One of the key objectives of the British Museum’s strategy is to extend the engagement between visitors and its collection. Space Syntax was commissioned by the British Museum to develop a baseline study of visitor movement patterns and of the spatial layout of the museum. The general aims of the study were to explain how visitors were using the museum and to investigate the characteristics of its spatial layout and in order to establish the effect of the spatial layout on visitors’ experience. The baseline study was used to identify opportunities to improve visitor flow patterns.
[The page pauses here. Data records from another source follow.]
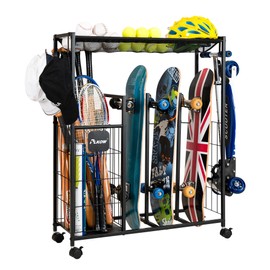 PLKOW Skateboard Storage Rack with Wheels, Sports Organizer for Skateboards, Scooters, Balls, Helmets and Sports Gear, Heavy Duty Sports Storage Rack for Garage, Home or School Use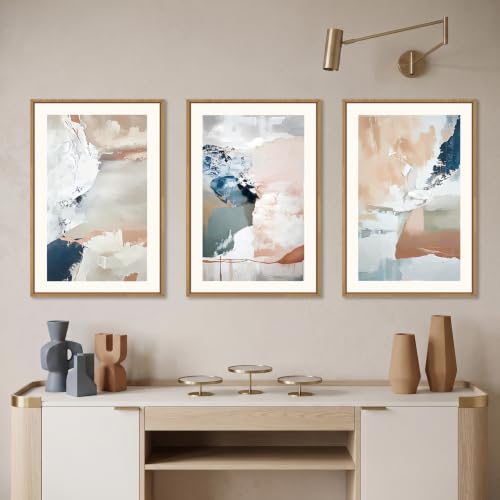 Large Abstract Brush Strokes Framed Canvas Wall Art-24"x36"x3 - color: Abstract Brush Stroke Wall Art, size: 36"L x 24"W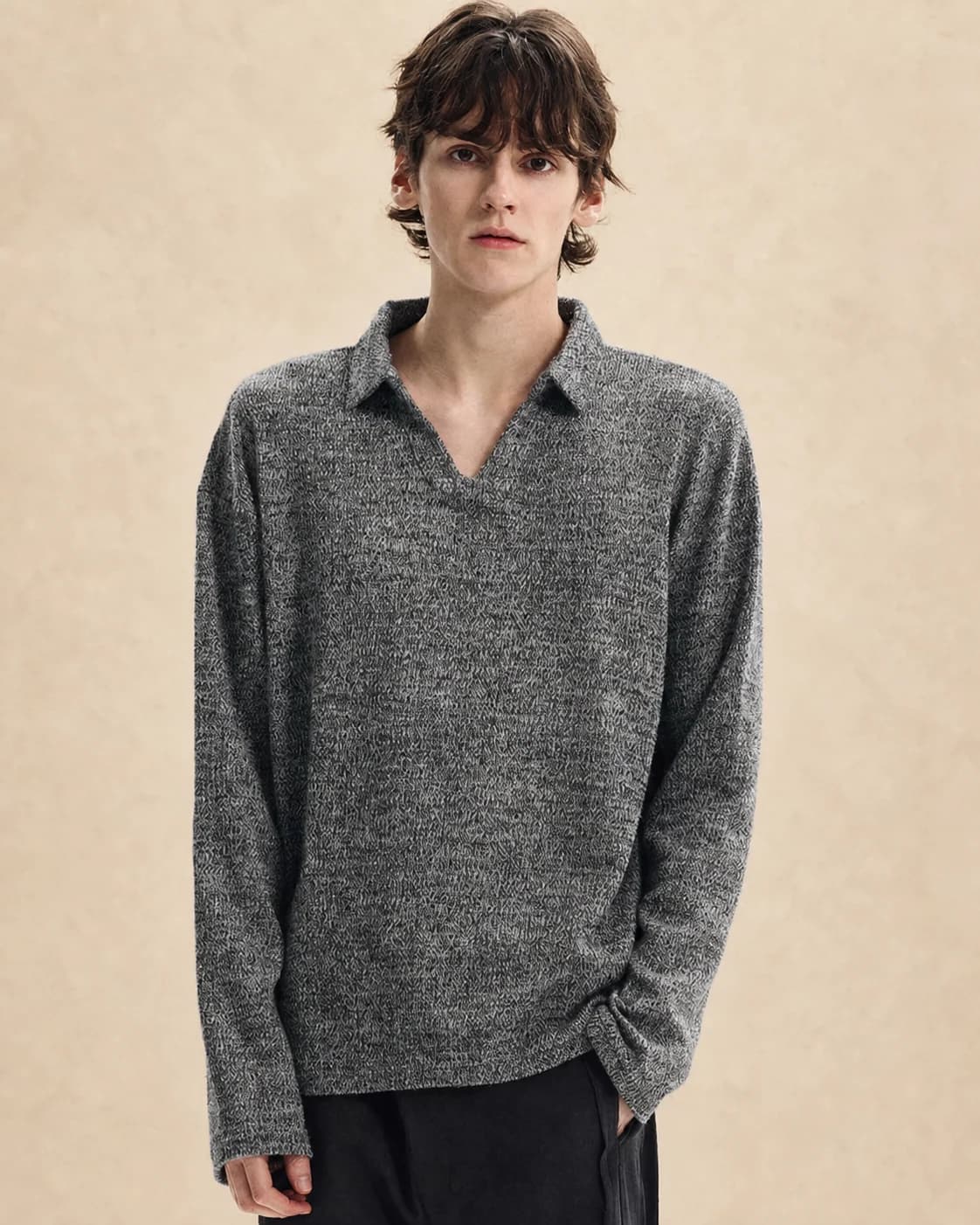 Polo homme en maille à col ouvert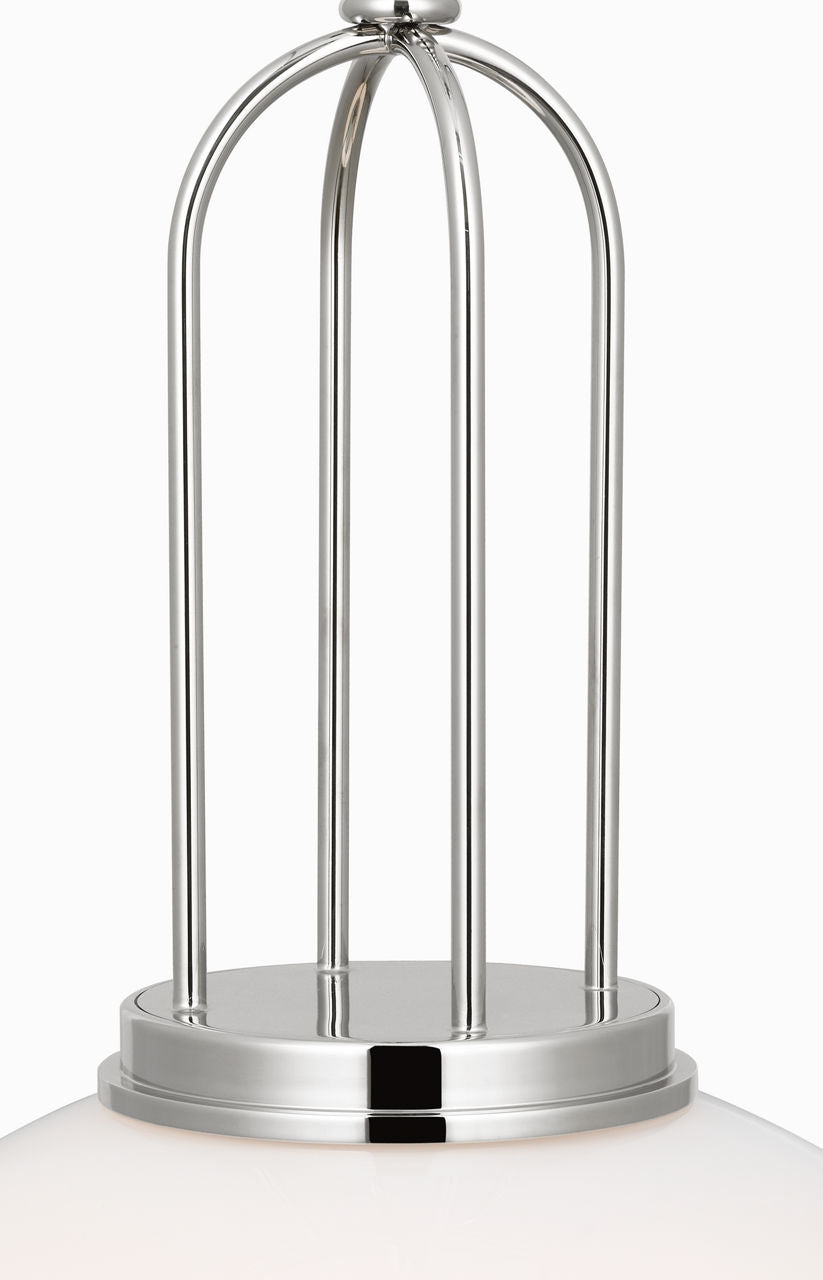 Meir 12" Pendant | Polished Nickel | White Glass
The British Museum commissioned Ian Ritchie Architects to develop a masterplan for the gallery spaces. Working alongside the British Museum and the design team, we used our models as a design tool to test and inform the design. Our work was also used in stakeholder presentations, workshops and design reviews, providing evidence to support strategic decisions.
Our approach included:
– observations of pedestrian flows, user routes and stationary activities
– wayfinding studies
– visibility analysis of public spaces
– spatial accessibility analysis
– option testing and evaluation
– pedestrian movement simulation using computer agents
– entrances’ level of service and gallery occupation capacity analysis
– visitors increase forecast and likely distribution within the building
– evidence-based design advice.
Findings and outcome
Using visitors data provided by the British Museum, together with data from direct observation studies, we were able to assess the occupation capacity of entrances and gallery spaces and to estimate the capacity for future growth. Our analysis allowed us to propose both strategic and highly design solutions as well as management changes, each aimed at addressing the strategic objective of extending and enhancing visitor engagement with the collection.